**Task statement**. Beginning with the line that contains "Purple masquerade mask", transcribe the rest of the listing below exactly, including its last line, and exclude any pictures.

**Collected material**.
◆ ◆ ◆ ◆ ◆

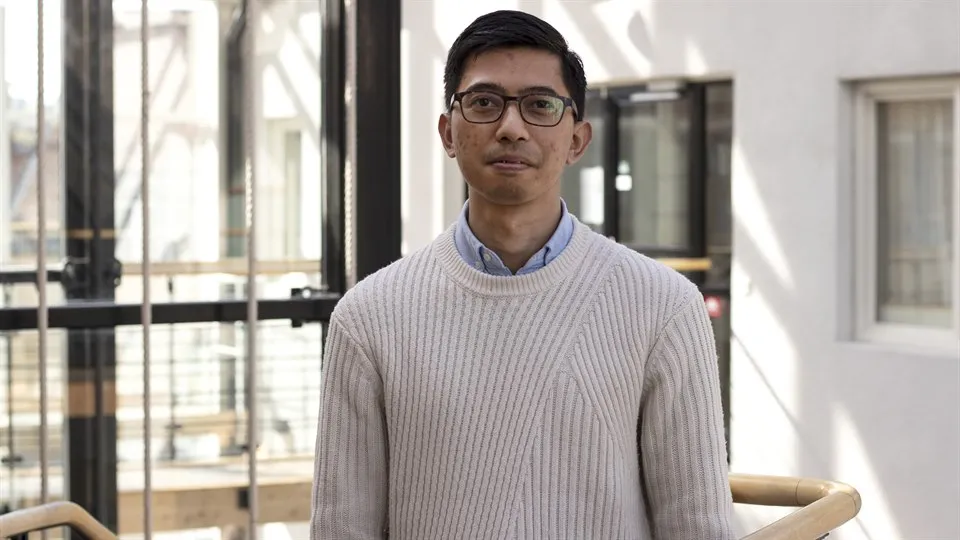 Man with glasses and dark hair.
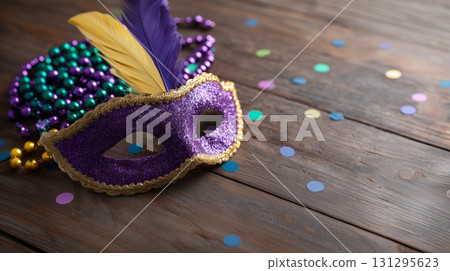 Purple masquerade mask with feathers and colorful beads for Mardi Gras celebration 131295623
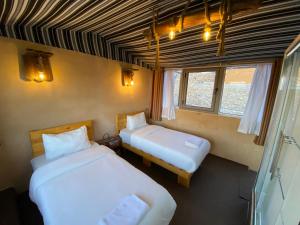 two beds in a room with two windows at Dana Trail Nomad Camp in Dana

◆ ◆ ◆ ◆ ◆

**Your solution**.
 Purple masquerade mask with feathers and colorful beads for Mardi Gras celebration 131295623
 two beds in a room with two windows at Dana Trail Nomad Camp in Dana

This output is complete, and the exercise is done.